What to work on:
Among the records below, find the line that has "Silicone Watch Strap"; from there, give the lines again exactly, and stop after the line that has "Wera 003463 Kraftform".

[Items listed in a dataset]
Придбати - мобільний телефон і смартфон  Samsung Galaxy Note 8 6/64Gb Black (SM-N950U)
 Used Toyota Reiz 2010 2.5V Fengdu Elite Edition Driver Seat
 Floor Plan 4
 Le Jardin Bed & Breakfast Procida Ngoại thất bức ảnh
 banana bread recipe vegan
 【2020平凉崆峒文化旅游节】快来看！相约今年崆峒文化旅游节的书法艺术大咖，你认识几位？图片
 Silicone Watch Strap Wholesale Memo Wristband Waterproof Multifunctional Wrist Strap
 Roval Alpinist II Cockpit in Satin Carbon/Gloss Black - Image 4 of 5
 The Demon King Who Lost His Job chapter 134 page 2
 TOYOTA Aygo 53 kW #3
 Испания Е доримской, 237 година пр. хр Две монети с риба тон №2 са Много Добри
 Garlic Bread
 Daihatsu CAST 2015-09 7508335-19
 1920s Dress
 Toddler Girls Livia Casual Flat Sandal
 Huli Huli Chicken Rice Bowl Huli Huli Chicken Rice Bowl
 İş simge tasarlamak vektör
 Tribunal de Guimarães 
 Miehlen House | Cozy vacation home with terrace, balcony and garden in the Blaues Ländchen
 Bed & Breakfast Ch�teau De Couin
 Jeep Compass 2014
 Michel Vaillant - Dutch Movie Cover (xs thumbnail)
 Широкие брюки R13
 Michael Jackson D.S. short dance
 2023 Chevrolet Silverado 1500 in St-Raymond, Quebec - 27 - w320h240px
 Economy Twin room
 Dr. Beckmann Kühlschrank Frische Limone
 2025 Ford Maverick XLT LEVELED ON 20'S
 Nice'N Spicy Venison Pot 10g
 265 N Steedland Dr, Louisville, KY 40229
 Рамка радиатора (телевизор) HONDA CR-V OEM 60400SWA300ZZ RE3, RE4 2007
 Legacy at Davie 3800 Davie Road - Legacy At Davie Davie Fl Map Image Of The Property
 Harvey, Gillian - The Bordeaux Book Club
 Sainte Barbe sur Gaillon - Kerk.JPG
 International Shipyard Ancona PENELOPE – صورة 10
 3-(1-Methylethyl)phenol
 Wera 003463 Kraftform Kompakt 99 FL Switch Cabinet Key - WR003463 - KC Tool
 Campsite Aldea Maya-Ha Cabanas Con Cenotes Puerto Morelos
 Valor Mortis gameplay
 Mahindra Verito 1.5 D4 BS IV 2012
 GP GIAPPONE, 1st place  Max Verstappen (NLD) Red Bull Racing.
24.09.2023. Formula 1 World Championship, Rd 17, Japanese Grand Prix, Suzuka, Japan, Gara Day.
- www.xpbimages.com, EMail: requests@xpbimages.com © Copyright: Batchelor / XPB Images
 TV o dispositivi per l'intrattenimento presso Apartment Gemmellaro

Finished task:
 Silicone Watch Strap Wholesale Memo Wristband Waterproof Multifunctional Wrist Strap
 Roval Alpinist II Cockpit in Satin Carbon/Gloss Black - Image 4 of 5
 The Demon King Who Lost His Job chapter 134 page 2
 TOYOTA Aygo 53 kW #3
 Испания Е доримской, 237 година пр. хр Две монети с риба тон №2 са Много Добри
 Garlic Bread
 Daihatsu CAST 2015-09 7508335-19
 1920s Dress
 Toddler Girls Livia Casual Flat Sandal
 Huli Huli Chicken Rice Bowl Huli Huli Chicken Rice Bowl
 İş simge tasarlamak vektör
 Tribunal de Guimarães 
 Miehlen House | Cozy vacation home with terrace, balcony and garden in the Blaues Ländchen
 Bed & Breakfast Ch�teau De Couin
 Jeep Compass 2014
 Michel Vaillant - Dutch Movie Cover (xs thumbnail)
 Широкие брюки R13
 Michael Jackson D.S. short dance
 2023 Chevrolet Silverado 1500 in St-Raymond, Quebec - 27 - w320h240px
 Economy Twin room
 Dr. Beckmann Kühlschrank Frische Limone
 2025 Ford Maverick XLT LEVELED ON 20'S
 Nice'N Spicy Venison Pot 10g
 265 N Steedland Dr, Louisville, KY 40229
 Рамка радиатора (телевизор) HONDA CR-V OEM 60400SWA300ZZ RE3, RE4 2007
 Legacy at Davie 3800 Davie Road - Legacy At Davie Davie Fl Map Image Of The Property
 Harvey, Gillian - The Bordeaux Book Club
 Sainte Barbe sur Gaillon - Kerk.JPG
 International Shipyard Ancona PENELOPE – صورة 10
 3-(1-Methylethyl)phenol
 Wera 003463 Kraftform Kompakt 99 FL Switch Cabinet Key - WR003463 - KC Tool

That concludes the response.